Records shown:
════════════════════
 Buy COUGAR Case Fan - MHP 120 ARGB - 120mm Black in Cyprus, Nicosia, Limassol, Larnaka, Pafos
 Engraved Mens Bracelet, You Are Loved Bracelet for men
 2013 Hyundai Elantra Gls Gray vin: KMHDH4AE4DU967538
════════════════════
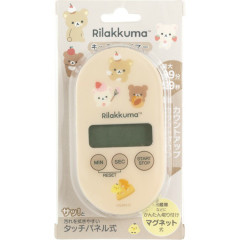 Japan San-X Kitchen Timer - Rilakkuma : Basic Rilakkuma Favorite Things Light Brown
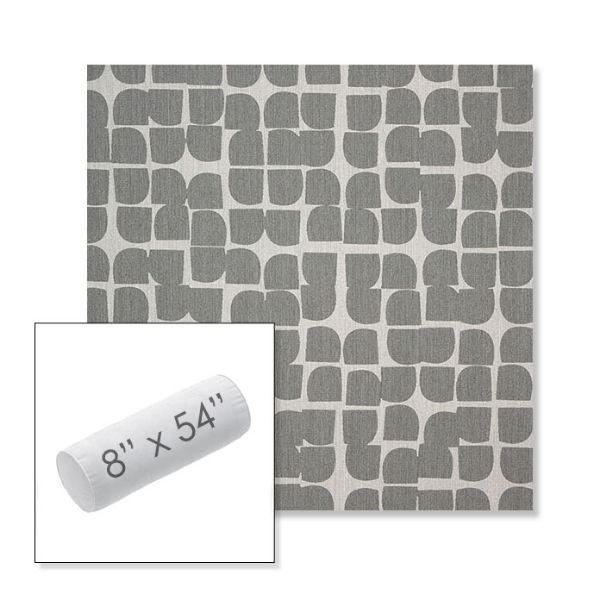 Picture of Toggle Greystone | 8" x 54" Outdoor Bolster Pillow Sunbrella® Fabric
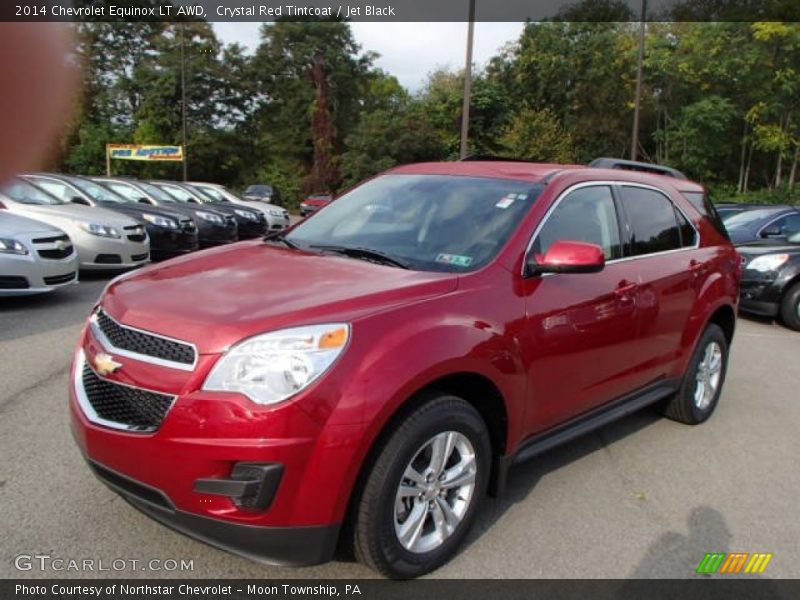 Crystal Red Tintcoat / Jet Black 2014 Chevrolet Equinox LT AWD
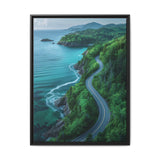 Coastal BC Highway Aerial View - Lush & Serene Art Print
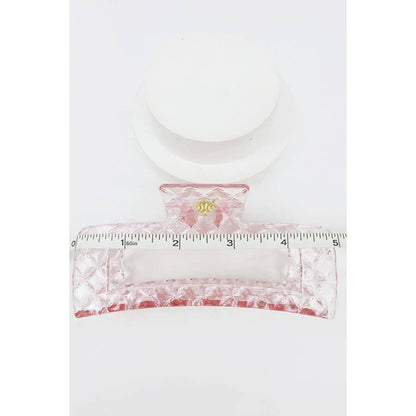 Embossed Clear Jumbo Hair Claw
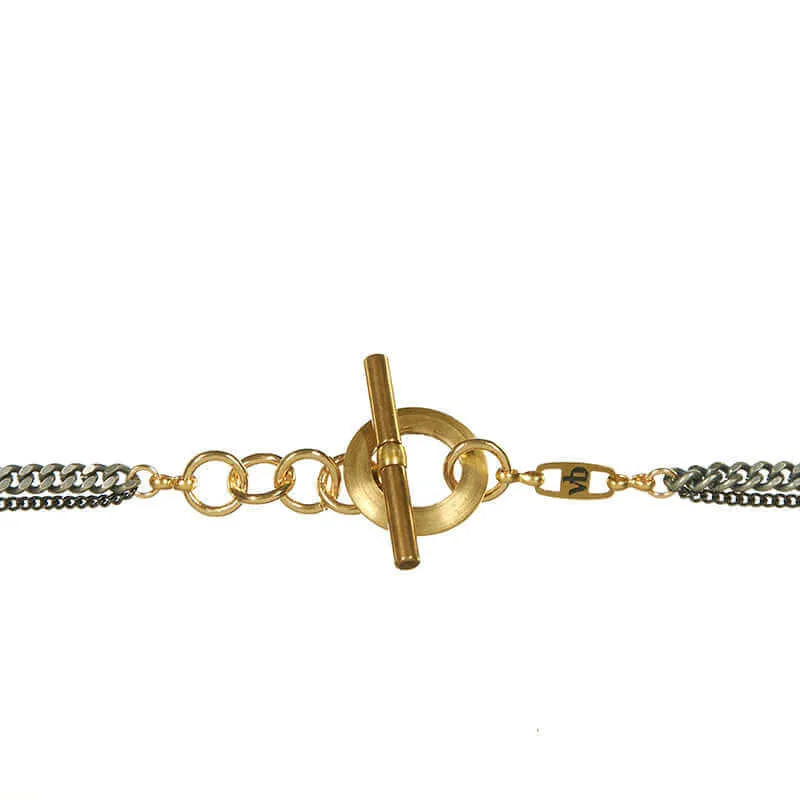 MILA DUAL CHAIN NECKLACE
════════════════════
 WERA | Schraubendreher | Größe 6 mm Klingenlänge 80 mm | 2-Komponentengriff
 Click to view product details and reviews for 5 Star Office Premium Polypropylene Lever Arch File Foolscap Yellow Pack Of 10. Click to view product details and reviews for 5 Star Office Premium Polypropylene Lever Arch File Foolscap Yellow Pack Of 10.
════════════════════
Please copy the lines in the records above between the one holding "Buy COUGAR Case" and the one holding "2013 Hyundai Elantra", inclusive, exactly and with no other line.

Solution below:
 Buy COUGAR Case Fan - MHP 120 ARGB - 120mm Black in Cyprus, Nicosia, Limassol, Larnaka, Pafos
 Engraved Mens Bracelet, You Are Loved Bracelet for men
 2013 Hyundai Elantra Gls Gray vin: KMHDH4AE4DU967538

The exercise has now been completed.